“Te juro Lio que cuando nos salió la figura, se le fueron llenando los ojos de lágrimas, se sonrió, y acariciándome la mejilla me dijo ‘gracias’, y yo casi me largo a llorar”, me confesó urgentemente Noe, al instante mismo en que cruzamos la puerta luego de los abrazos, las gracias y los deseos de buena suerte. Resultó ser que la joven abuela tenía una traviesa mano que no se quedaba quieta y la pata de gallo no salía. Por eso, cuando Noe le ofreció la suya y entre las dos hilvanaron la figura, las sonrisas se mezclaron con la emoción, y ahora en el narrar de ese momento mágico, los ojos vidriosos se multiplicaron y fueron cuatro.
Todo empezó unos días antes cuando en un café conocimos a Silvia, mujer bella, transparente y bondadosa, que rápidamente al escuchar el proyecto nos regaló su amistad. Silvia, es mejor que lo aclaremos ahora, aparecerá en esta y muchísimas otras crónicas, ya que además de todo lo dicho (que es muy poquito para todo lo que envuelve su corazón), es nuestra representante en Querétaro, tierras de atardeceres rojizos y de tropiezos varios al mirar sus farolas, torres y cúpulas.
Entre todos sus contactos y ofrecimientos, nos comentó que daba clases de yoga a unas abuelas que semanalmente se reúnen con su “grupo amor”. Y desde hace treinta años. Amigas de toda la vida, se siguen juntando y charlando y platicando hasta por los codos todas las semanas. Y de paso mueven el esqueleto. Siempre entre risas, chistes y abrazos cálidos.

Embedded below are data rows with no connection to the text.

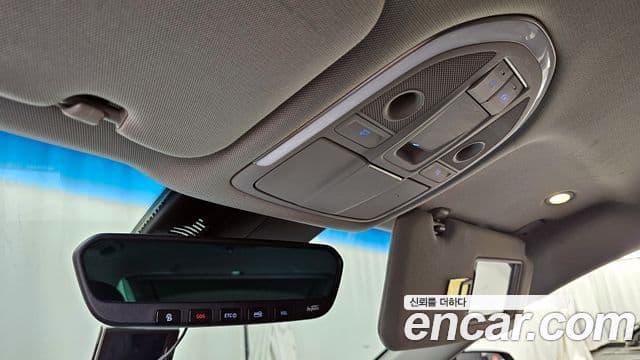 Genesis G80 Premium Luxury, 2018 17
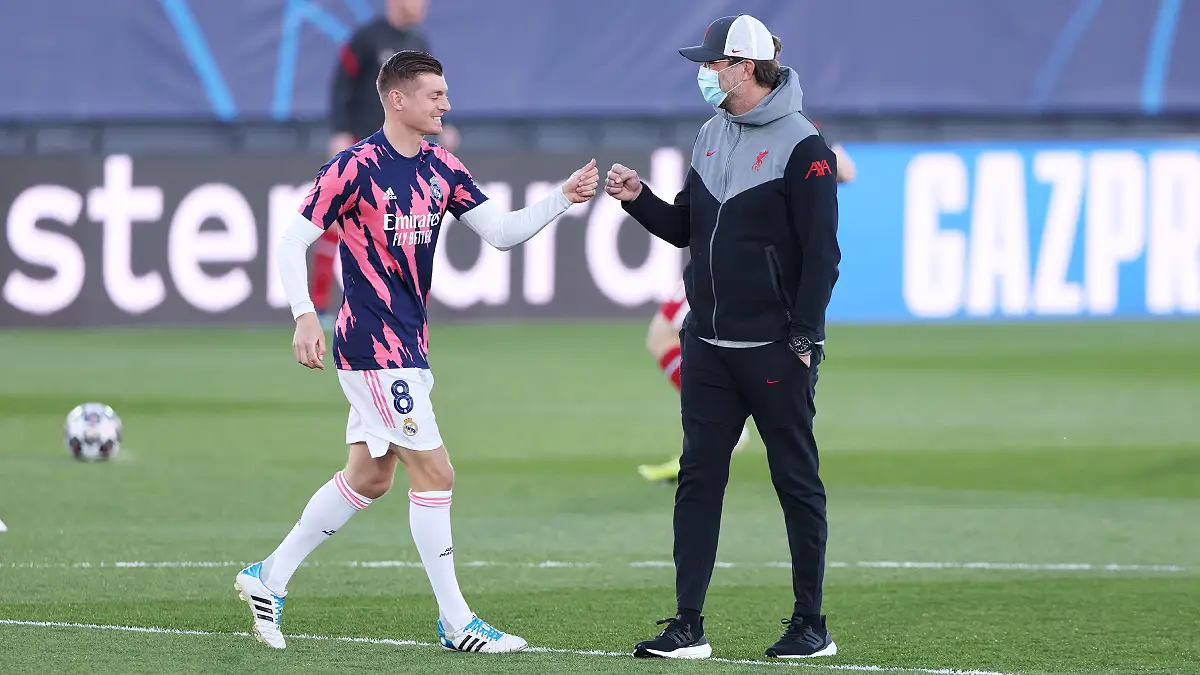 MADRID, SPAIN - APRIL 06: Toni Kroos of Real Madrid and Juergen Klopp, Manager of Liverpool interact prior to the UEFA Champions League Quarter Final match between Real Madrid and Liverpool FC at Estadio Alfredo Di Stefano on April 06, 2021 in Madrid, Spain. Sporting stadiums around Spain remain under strict restrictions due to the Coronavirus Pandemic as Government social distancing laws prohibit fans inside venues resulting in games being played behind closed doors. (Photo by Angel Martinez/Getty Images)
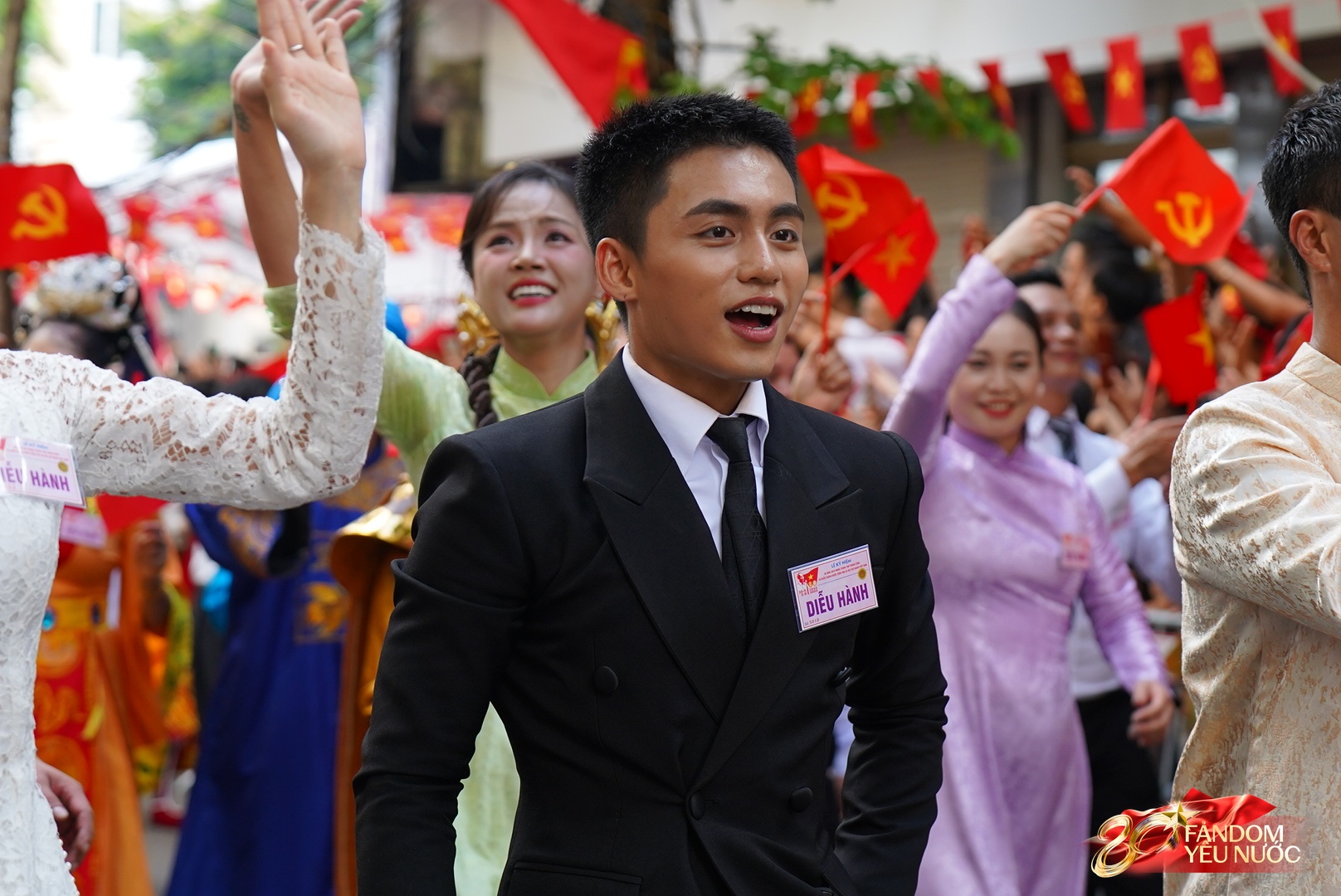 Sơn Tùng - MONO gây sốt trong cùng 1 buổi sáng: Em cười tươi rói diễu hành, anh viral MXH với 2 bức ảnh!- Ảnh 4.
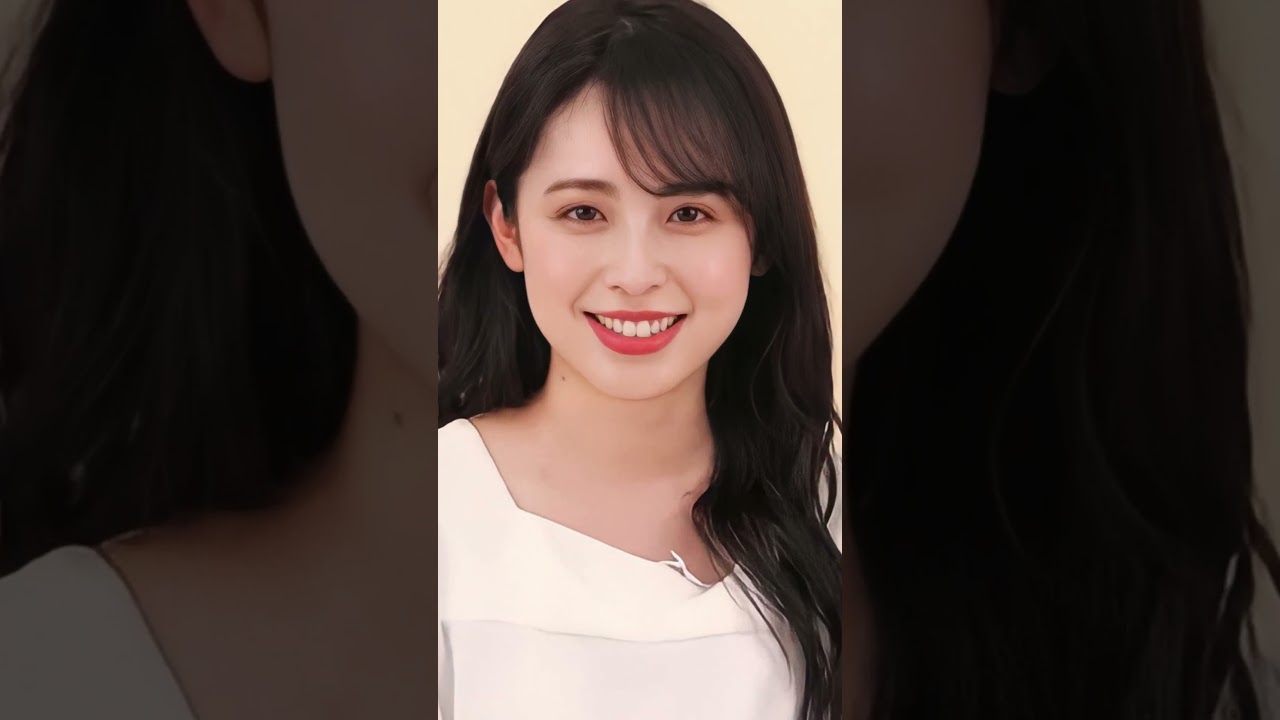 Shorts #youtubeshorts #Akiko Kuji #showing #sleeves #viral #news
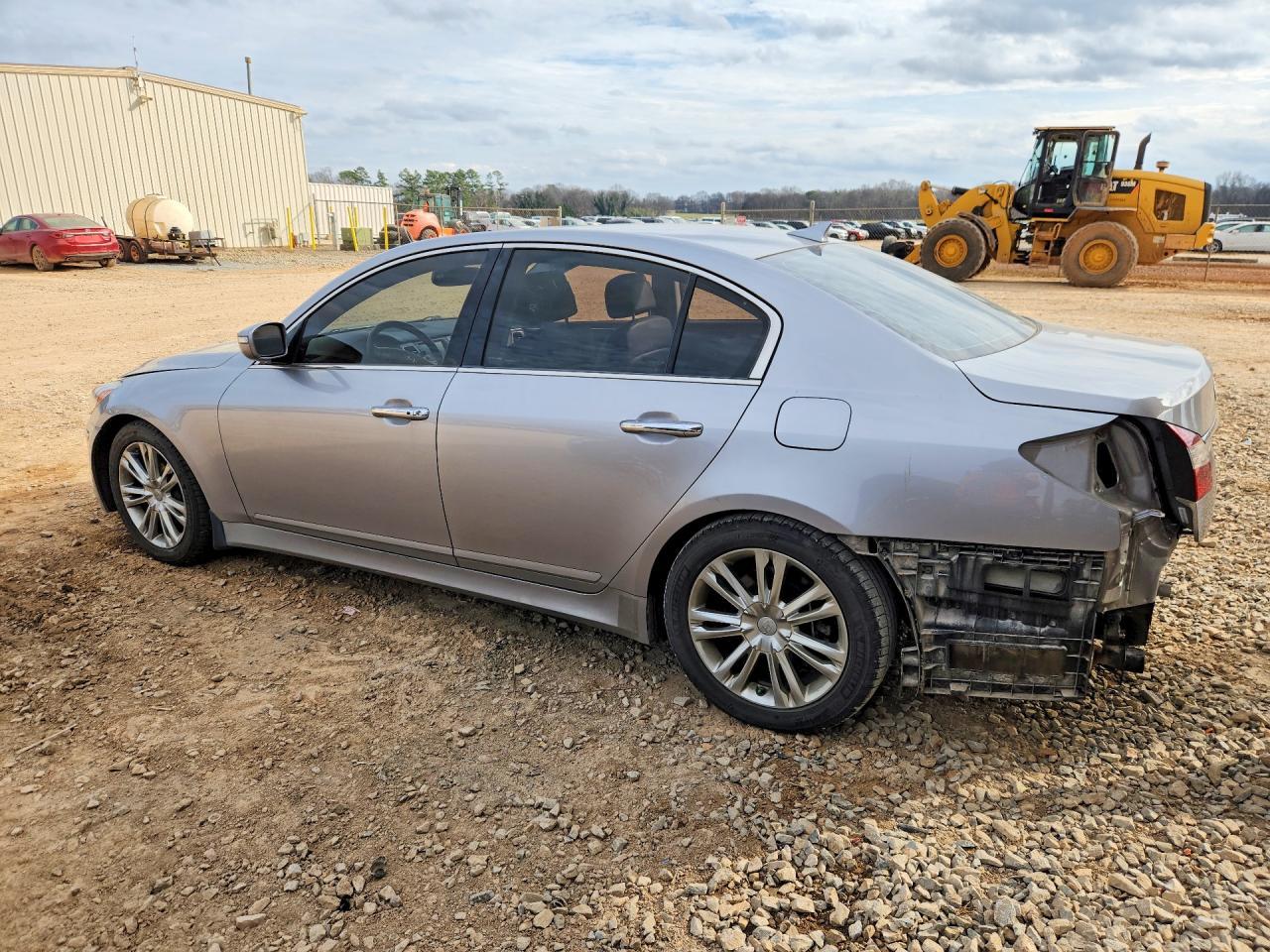 2013 HYUNDAI GENESIS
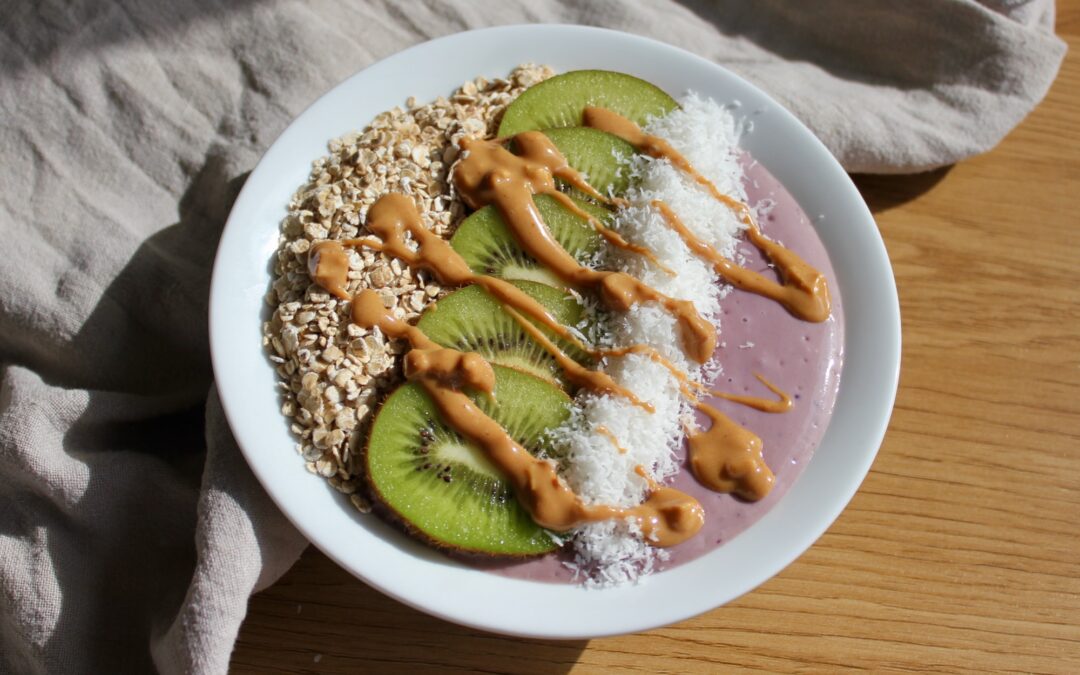 High-protein berry smoothie bowl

Lo curioso es que Noe, con ganas de hace rato de hilar con los más viejitos, había estado toda la semana buscando geriátricos y espacios para la tercera edad. Y dicen, y dice, que las energías se atraen, o algo parecido. Y así realizamos la primera e inolvidable experiencia con las abuelas del grupo amor, antiguas tejedoras que volvieron a jugar como lo que son, unas inquietas y divertidas niñas.